January 13, 2020

The curious case of the Twins’ Jose Berrios

Jose Berrios, the talented but not quite elite pitcher for the Minnesota Twins, appears set to have his salary demands go before an arbitrator, according to various reports.

There’s still time for the Twins and Berrios to work out a deal — both sides have until February — but the recent sequence of salary-related news has been odd, and one wonders if the ultimate trade chip is not someone like outfielder, Eddie Rosario, or a top prospect in the Twins’ minor league system, but Berrios himself.

Coming off a 2018 season in which Berrios struck out a career high 202 batters, he declined a contract extension from the Twins and was paid $620,000 for the 2019 season. That news was somewhat troubling because he pitched well and yet he or his representatives felt that whatever was offered fell short.

Berrios then went out and won 14 games, tying his career high in wins, pitched 200 innings for the first time in his career and lowered his ERA to 3.68. He also made 21 quality starts — six innings with three or fewer earned runs in a start — for a quality start percentage of 66 percent. A pitcher who will go out and give you a quality start almost 70 percent of the time seems like a player worth keeping.

So what explains the following? Phil Miller of the Strib reports that Berrios is seeking $4.4 million in 2020, yet the Twins countered with $4.025 million, a difference of $375,000. Are Falvey & Co. really going to quibble over that amount, especially when there’s talk of the Twins offering third baseman Josh Donaldson $100 million? Or perhaps that’s just it. Maybe the team has to hold the line somewhere to get Donaldson.
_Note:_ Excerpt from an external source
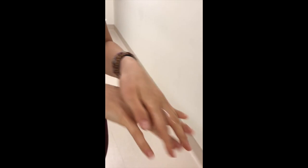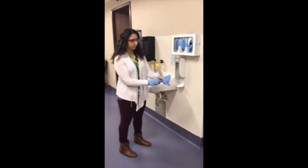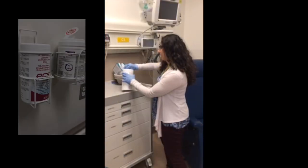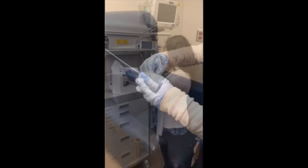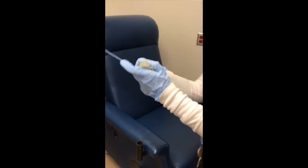Before entering the patient room and putting on gloves, be sure to perform hand hygiene. Then, putting gloves on, clean each piece of equipment following the hospital's patient care equipment cleaning protocol. Taking a PCS 5000 wipe, be sure to apply rigorous pressure when cleaning both the inside and the outside of the pulse oximeter.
But don’t hold it against, Jose, Minnesota. He’s a good pitcher who still has a bright future with the team. But if you can’t come up with the money — and that might put the Berrios/Twins relationship at risk to the point he demands a trade — the arbitrator will.

Extra innings… 

-In other contract news, Miguel Sano, Rosario, Byron Buxton, Tyler Duffey, Taylor Rogers and Trevor May are all under contract for 2020. In Sano’s case, he has reportedly agreed to a three-year extension worth $30 million

Sources: Baseball-Reference.com, Minneapolis Star-Tribune, MLB.com.


Hi, I’m Rolf Boone, Twins fan.

I became a fan of the Minnesota Twins after a friendly wager in the early 1980s. I survived Ron Davis, the meltdown in Cleveland, Phil Bradley at the Kingdome and then marveled at a rising generation of stars and two World Series wins in 1987 and 1991. Brad Radke made the 1990s bearable, while Kirby Puckett’s eye injury, exit from the game and eventual death made it almost too much to bear. The new century ushered in more talent — Joe Mauer, Johan Santana, Joe Nathan, Torii Hunter, Justin Morneau — and consecutive seasons of playoff baseball, followed by consecutive seasons of losing baseball. A winning season returned in 2015. So here we are. Go Twins.